For this exercise, retype the lines from the one that holds "Stylo plume Aurora" through the one that holds "DEAT Fashion Women" in the records below, both included, exactly and without pictures.

RECORDED DATA:
-- Opening Marker --
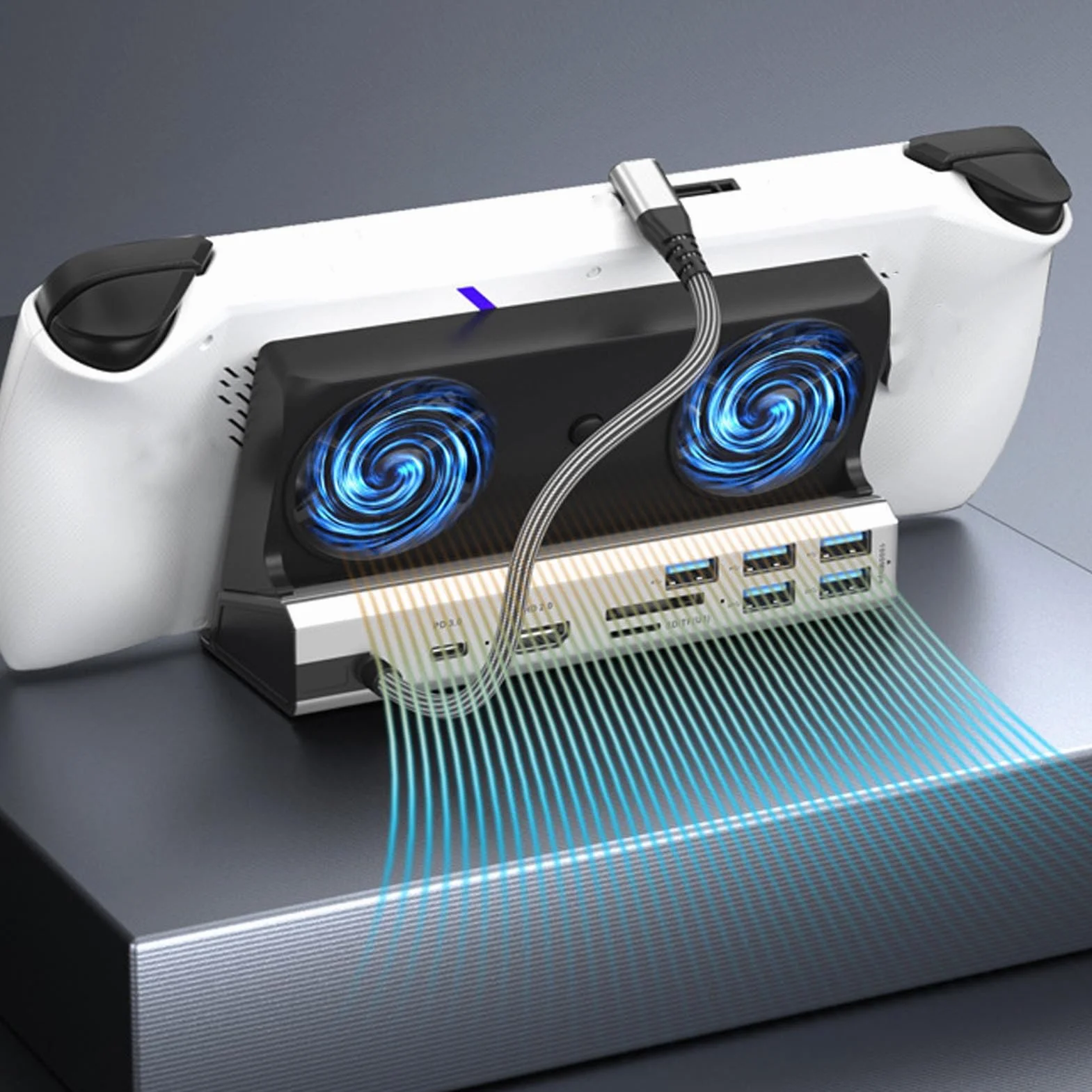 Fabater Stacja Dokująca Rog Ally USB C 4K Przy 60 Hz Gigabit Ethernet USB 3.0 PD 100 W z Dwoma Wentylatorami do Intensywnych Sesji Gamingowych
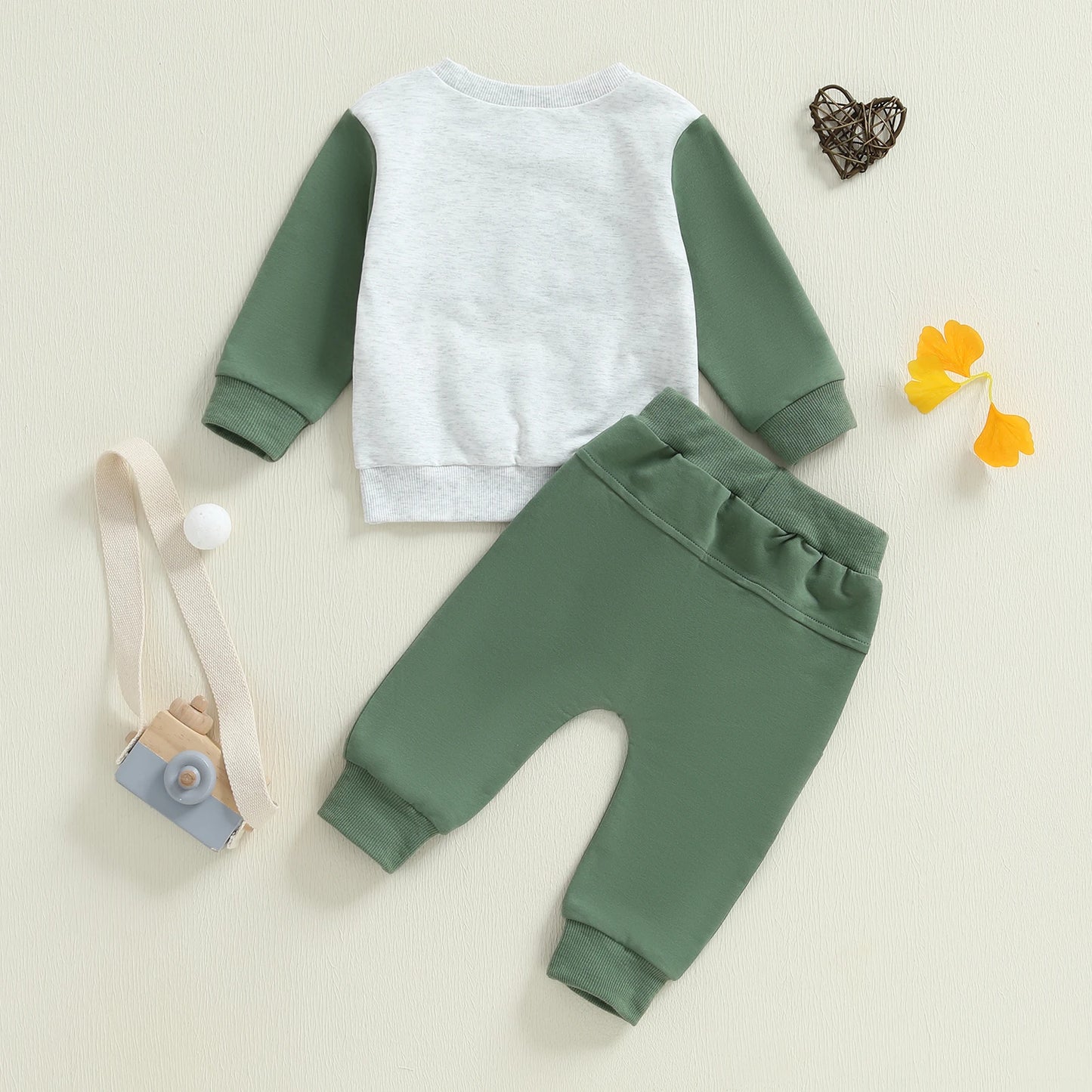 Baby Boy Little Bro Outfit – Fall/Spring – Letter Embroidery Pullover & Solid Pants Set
-- Closing Marker --
-- Opening Marker --
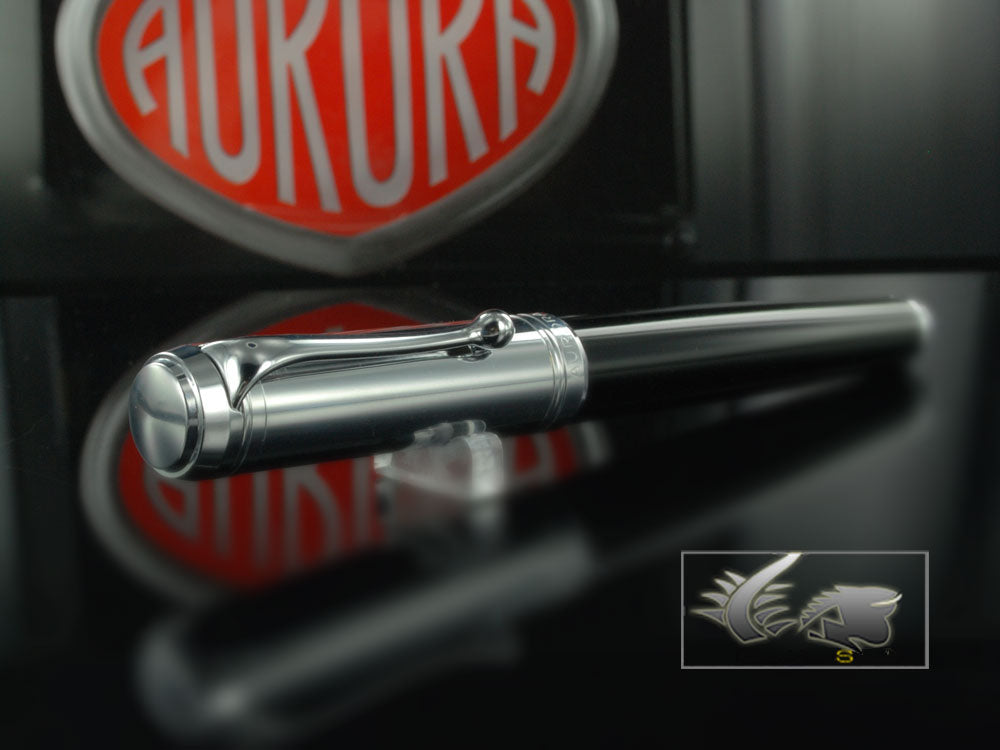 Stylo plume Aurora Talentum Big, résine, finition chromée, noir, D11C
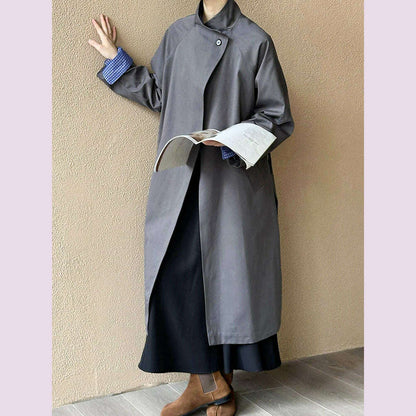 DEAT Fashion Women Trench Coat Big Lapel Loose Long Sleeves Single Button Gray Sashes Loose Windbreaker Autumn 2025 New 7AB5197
-- Closing Marker --
SOLVED PROBLEM:
 Stylo plume Aurora Talentum Big, résine, finition chromée, noir, D11C
 DEAT Fashion Women Trench Coat Big Lapel Loose Long Sleeves Single Button Gray Sashes Loose Windbreaker Autumn 2025 New 7AB5197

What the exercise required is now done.